PROMPT: For this listing, the lines between the one holding "Persian White Cat Pussel (Vertikal)" and the one holding "Ensemble De Gant", inclusive, must be set down exactly.

[Opening DATA FOR THE TASK section]

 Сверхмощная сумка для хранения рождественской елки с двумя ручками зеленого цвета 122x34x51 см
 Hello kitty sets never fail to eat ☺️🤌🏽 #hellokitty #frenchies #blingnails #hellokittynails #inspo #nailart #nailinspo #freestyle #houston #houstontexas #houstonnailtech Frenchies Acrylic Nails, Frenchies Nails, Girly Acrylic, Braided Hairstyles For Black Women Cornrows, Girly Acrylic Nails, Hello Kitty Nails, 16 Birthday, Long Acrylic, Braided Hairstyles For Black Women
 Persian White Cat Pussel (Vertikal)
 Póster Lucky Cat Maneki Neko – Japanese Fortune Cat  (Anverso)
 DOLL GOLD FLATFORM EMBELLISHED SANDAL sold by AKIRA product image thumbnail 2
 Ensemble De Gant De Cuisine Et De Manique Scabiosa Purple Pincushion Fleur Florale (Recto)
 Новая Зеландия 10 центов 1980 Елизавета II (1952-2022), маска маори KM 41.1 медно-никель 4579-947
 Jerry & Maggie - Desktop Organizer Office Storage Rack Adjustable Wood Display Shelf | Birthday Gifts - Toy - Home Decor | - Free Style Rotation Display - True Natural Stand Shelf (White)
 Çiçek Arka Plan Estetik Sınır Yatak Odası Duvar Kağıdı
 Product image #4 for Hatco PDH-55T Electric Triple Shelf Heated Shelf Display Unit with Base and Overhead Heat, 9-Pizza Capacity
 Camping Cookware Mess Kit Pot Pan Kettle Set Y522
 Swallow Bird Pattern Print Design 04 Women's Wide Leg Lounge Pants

[Closing DATA FOR THE TASK section]

SOLUTION FOR THIS EXERCISE:
 Persian White Cat Pussel (Vertikal)
 Póster Lucky Cat Maneki Neko – Japanese Fortune Cat  (Anverso)
 DOLL GOLD FLATFORM EMBELLISHED SANDAL sold by AKIRA product image thumbnail 2
 Ensemble De Gant De Cuisine Et De Manique Scabiosa Purple Pincushion Fleur Florale (Recto)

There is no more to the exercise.